Possible Duplicate:
Can I use a .NET 4.0 library in a .NET 2.0 application?
So I have a legacy .NET 2 GUI application. Redoing this application is out of the question.
I also have a console .NET 4 application that does FTP and other work. It uses LINQ.
Now, I am abstracting the console application (which is .NET 4) into reusable DLLs, etc.
What I want to be able to do is have the GUI app (.NET 2) be able to include those DLL's and call them. Then just get return values from it.
I think worse case I could just keep it a console app and have the .NET two execute it externally. But I would like the GUI app to be able to execute methods from the .NET 4 piece.
The clients that will be running this app all have .NET 4.
Thanks.
So I have a legacy .NET 2 GUI application. Redoing this application is out of the question.
Is changing the framework target to .NET 4 and rebuilding also out of the question?
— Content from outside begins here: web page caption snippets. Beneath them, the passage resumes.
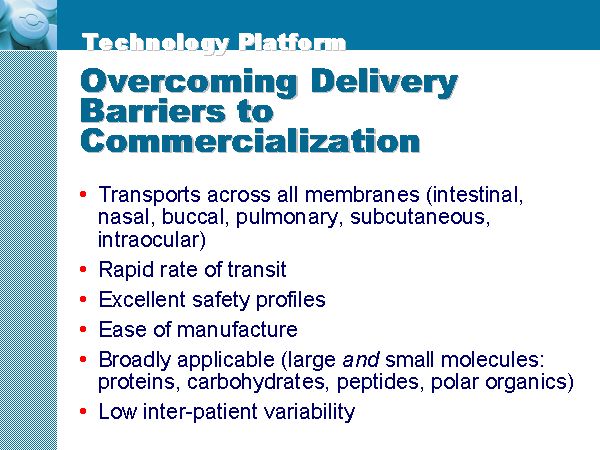 Overcoming Delivery Barriers To Commercialization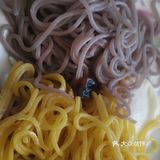 苗家食堂~简单易做的酱油拌面。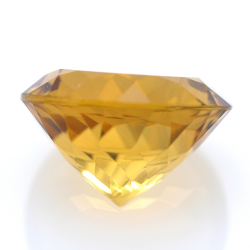 13,39 ct. Quartz Citrine Coupure Ronde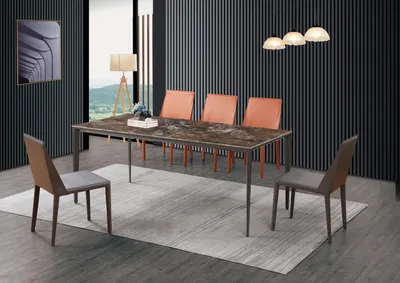 Produktbild von Komplett Set Esstisch + 4 Stühle Esszimmer Set Ess Gruppe Holz Tisch Tische 5tlg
That would probably be the simplest approach - then you'd know you wouldn't end up in strange situations where you were actually running on CLR v2 and trying to load assemblies which required CLR v4 (and .NET framework v4 assemblies).
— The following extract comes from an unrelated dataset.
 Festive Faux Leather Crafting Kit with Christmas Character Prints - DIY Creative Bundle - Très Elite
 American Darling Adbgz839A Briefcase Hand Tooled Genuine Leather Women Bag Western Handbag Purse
In most cases you should simply be able to retarget - while backward compatibility isn't 100%, it's pretty good.
What you need to do here is factor out the shared utilities into DLLs that target the 2.0 framework. These DLLs can then be used in both a 2.0 and 4.0 .Net process. .Net places a very high bar on backwards compatibility and in the vast majority of scenarios a 2.0 DLL can be run without changes in 4.0.